__Work request__. Output the data below line for line, exactly, up to and including the line where "汉唐环保实践可持续发展的观念" appears.

:: Task material ::

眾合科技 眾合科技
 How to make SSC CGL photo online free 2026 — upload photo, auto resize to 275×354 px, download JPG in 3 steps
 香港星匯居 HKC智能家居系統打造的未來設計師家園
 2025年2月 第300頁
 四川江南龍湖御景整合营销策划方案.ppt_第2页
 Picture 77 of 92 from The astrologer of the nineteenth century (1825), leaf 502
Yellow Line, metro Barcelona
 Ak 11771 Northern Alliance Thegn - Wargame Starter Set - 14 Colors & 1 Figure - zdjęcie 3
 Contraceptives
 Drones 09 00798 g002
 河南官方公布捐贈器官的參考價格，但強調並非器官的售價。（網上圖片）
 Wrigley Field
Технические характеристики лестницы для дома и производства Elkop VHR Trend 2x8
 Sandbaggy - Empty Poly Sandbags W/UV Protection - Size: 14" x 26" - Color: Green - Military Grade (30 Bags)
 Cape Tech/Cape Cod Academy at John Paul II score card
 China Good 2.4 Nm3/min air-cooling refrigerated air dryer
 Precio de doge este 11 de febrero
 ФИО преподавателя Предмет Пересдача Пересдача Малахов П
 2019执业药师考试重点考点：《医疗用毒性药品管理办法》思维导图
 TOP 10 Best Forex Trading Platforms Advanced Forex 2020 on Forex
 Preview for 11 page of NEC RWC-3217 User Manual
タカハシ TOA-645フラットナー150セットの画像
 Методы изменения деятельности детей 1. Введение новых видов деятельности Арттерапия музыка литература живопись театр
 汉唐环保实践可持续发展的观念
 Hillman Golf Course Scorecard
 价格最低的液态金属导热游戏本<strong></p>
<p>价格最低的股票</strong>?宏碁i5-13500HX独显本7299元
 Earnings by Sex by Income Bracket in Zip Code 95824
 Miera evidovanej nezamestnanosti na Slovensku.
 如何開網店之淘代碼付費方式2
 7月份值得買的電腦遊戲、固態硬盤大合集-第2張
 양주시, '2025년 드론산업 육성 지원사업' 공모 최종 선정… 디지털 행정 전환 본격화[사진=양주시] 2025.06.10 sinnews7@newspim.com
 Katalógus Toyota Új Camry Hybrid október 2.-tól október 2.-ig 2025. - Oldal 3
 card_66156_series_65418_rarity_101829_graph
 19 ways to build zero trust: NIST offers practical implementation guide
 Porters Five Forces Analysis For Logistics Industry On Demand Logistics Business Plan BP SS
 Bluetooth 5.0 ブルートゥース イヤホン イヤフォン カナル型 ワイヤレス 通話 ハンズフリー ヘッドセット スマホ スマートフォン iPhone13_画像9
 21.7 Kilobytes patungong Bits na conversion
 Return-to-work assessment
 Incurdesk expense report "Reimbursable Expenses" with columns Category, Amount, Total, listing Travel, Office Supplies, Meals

:::

__Output of the task__.
眾合科技 眾合科技
 How to make SSC CGL photo online free 2026 — upload photo, auto resize to 275×354 px, download JPG in 3 steps
 香港星匯居 HKC智能家居系統打造的未來設計師家園
 2025年2月 第300頁
 四川江南龍湖御景整合营销策划方案.ppt_第2页
 Picture 77 of 92 from The astrologer of the nineteenth century (1825), leaf 502
Yellow Line, metro Barcelona
 Ak 11771 Northern Alliance Thegn - Wargame Starter Set - 14 Colors & 1 Figure - zdjęcie 3
 Contraceptives
 Drones 09 00798 g002
 河南官方公布捐贈器官的參考價格，但強調並非器官的售價。（網上圖片）
 Wrigley Field
Технические характеристики лестницы для дома и производства Elkop VHR Trend 2x8
 Sandbaggy - Empty Poly Sandbags W/UV Protection - Size: 14" x 26" - Color: Green - Military Grade (30 Bags)
 Cape Tech/Cape Cod Academy at John Paul II score card
 China Good 2.4 Nm3/min air-cooling refrigerated air dryer
 Precio de doge este 11 de febrero
 ФИО преподавателя Предмет Пересдача Пересдача Малахов П
 2019执业药师考试重点考点：《医疗用毒性药品管理办法》思维导图
 TOP 10 Best Forex Trading Platforms Advanced Forex 2020 on Forex
 Preview for 11 page of NEC RWC-3217 User Manual
タカハシ TOA-645フラットナー150セットの画像
 Методы изменения деятельности детей 1. Введение новых видов деятельности Арттерапия музыка литература живопись театр
 汉唐环保实践可持续发展的观念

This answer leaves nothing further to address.